**Given information**
>>>

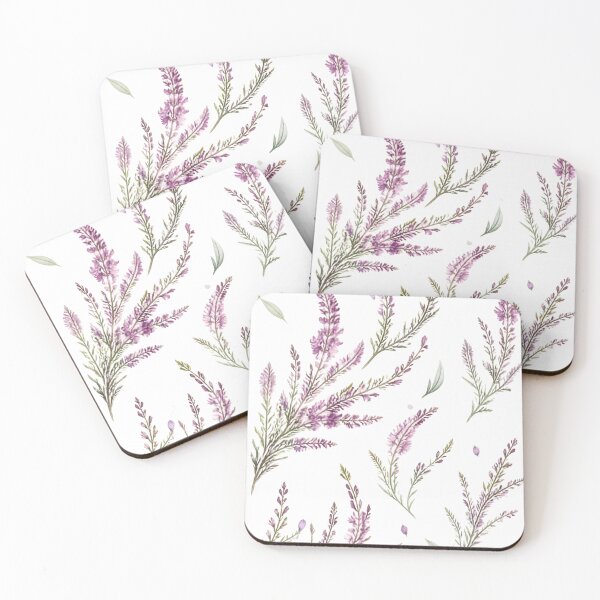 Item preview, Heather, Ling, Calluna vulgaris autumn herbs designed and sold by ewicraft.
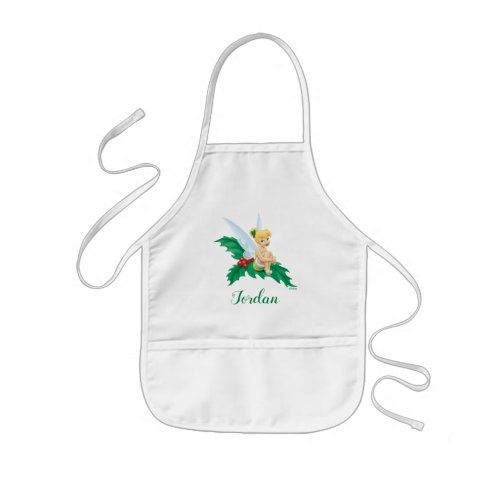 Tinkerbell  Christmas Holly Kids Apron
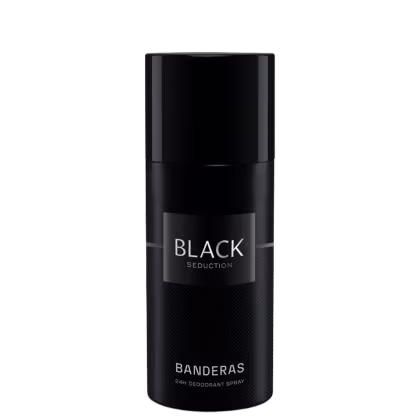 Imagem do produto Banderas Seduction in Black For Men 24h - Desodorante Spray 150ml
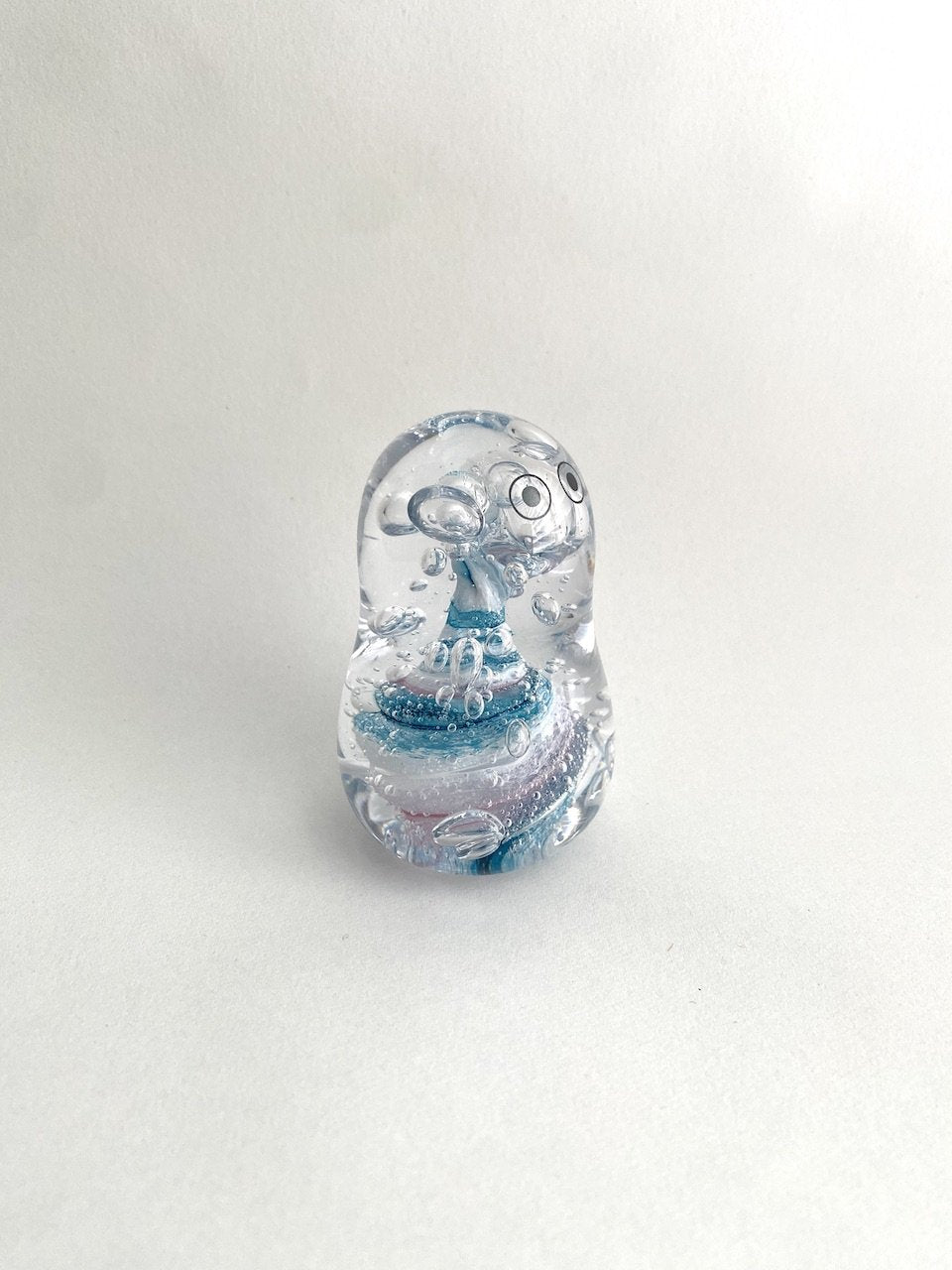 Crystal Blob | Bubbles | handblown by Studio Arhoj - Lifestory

<<<
>>>

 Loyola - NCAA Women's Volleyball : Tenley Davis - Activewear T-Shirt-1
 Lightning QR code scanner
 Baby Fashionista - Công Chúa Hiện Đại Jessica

<<<
>>>

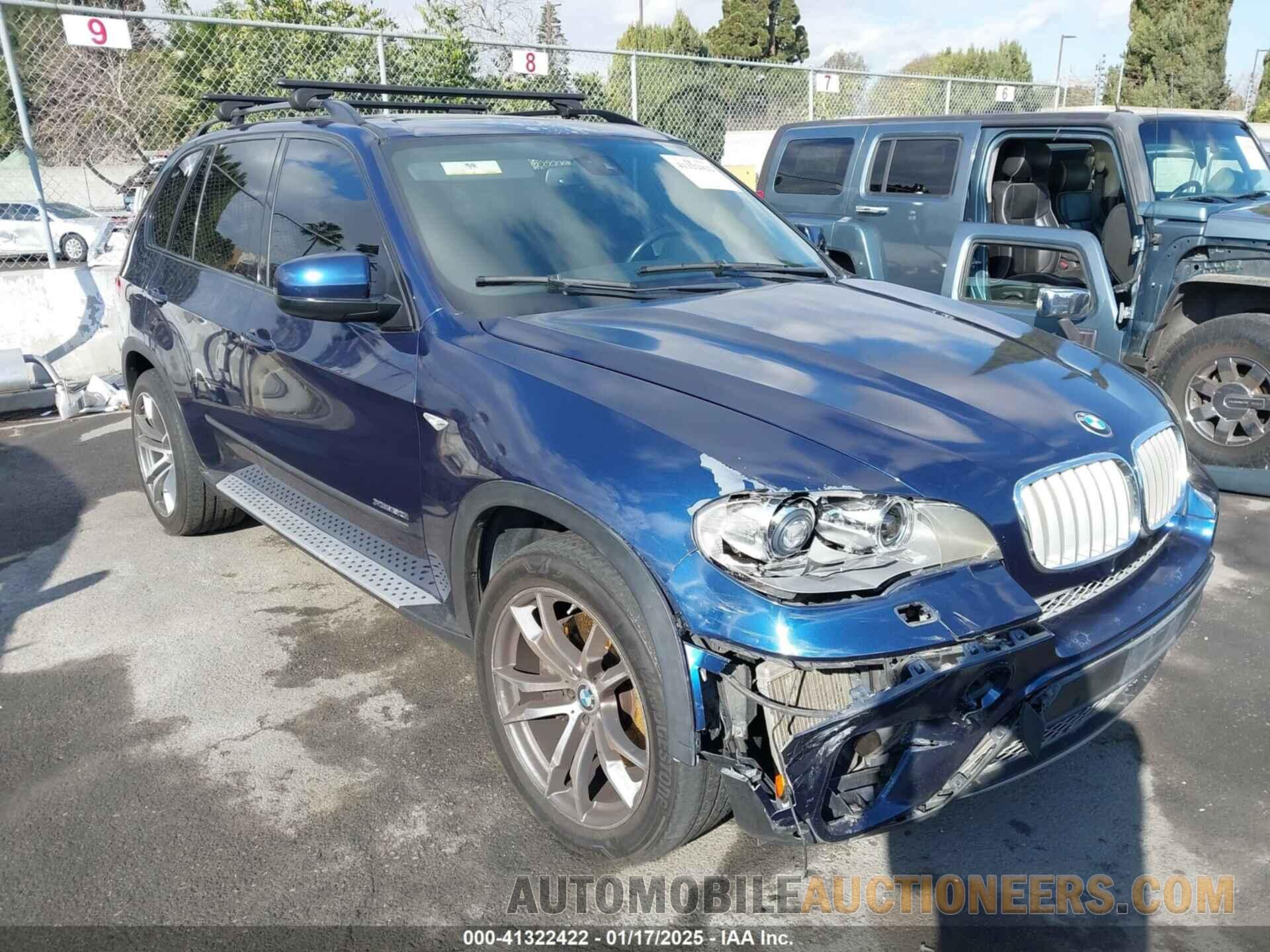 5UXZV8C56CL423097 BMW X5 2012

<<<

**What is expected**
Write out exactly the lines above from the line with "Loyola - NCAA" through the line with "Baby Fashionista - Công", both of them included, and leave out all other lines.

**Answer to this problem**
 Loyola - NCAA Women's Volleyball : Tenley Davis - Activewear T-Shirt-1
 Lightning QR code scanner
 Baby Fashionista - Công Chúa Hiện Đại Jessica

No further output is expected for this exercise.